As I mentioned last week in my coverage of 'The Color Purple,' the celebration of African-American culture known as Black History Month starts today, which means that audiences will be treated to a variety of films of wildly varying degrees of relevance to that particular experience. Some of them will, like Spielberg's film, examine important moments in the timeline of blacks in America; but others may just feature black actors or a cast comprised of largely African-Americans but otherwise offer little or nothing that reflects the actual experiences of most black people. And while a handful of other films may in fact feature absolutely no black people whatsoever, they might inadvertently offer a lesson in sensitivity and openness to different ideas and cultures that folks who are not African-Americans can recognize and relate to a little bit more easily.

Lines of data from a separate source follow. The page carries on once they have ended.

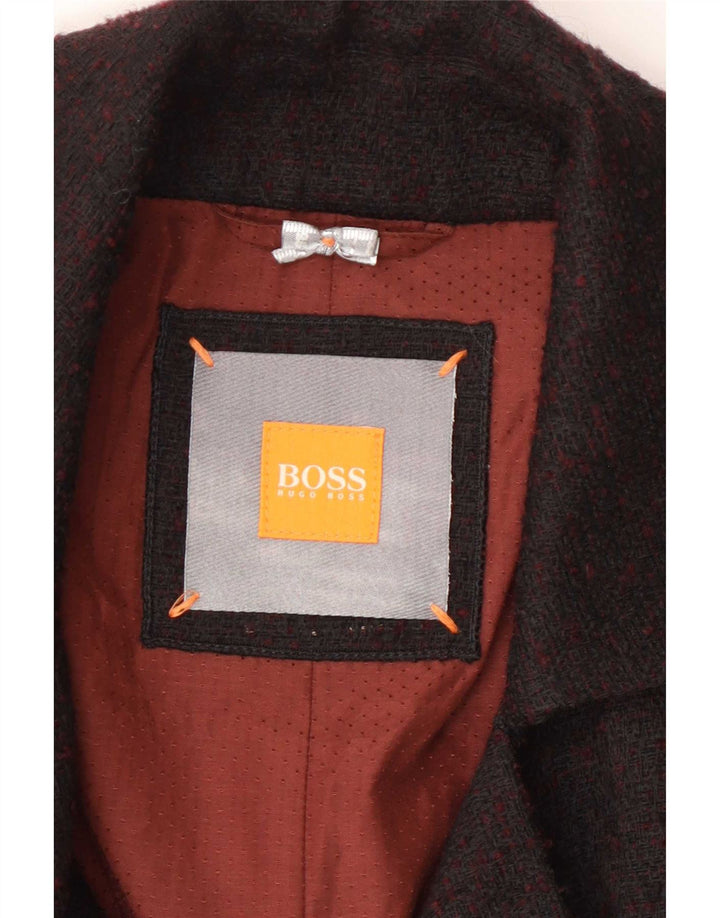 Hugo Boss Dame Dobbeltradet Frakke UK 12 Medium Brun Geometrisk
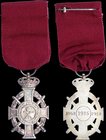 GREECE: Commemorative silver medal with swords of the Order of King George I. Silver Class (1915). With full original ribbon. Extremely Fine.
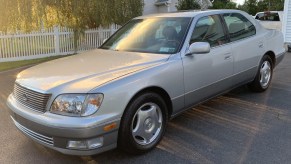 A silver 1999 Lexus LS 400 parked in a driveway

All of which brings us to 'Pleasantville,' Gary Ross' 1998 directorial debut. I'm not entirely sure that Warner Home Video intended this film to be one of the titles on their list of Black History Month titles, but given the fact that they released it on Blu-ray on February 1, it feels surprisingly relevant, not the least of which because it manages to teach many of the same lessons without forcing white people to watch a movie about black people. That said, I was curious to see whether it had grown heavy-handed in the 12 years since its initial release, which is why 'Pleasantville' is the subject of this week's "Shelf Life."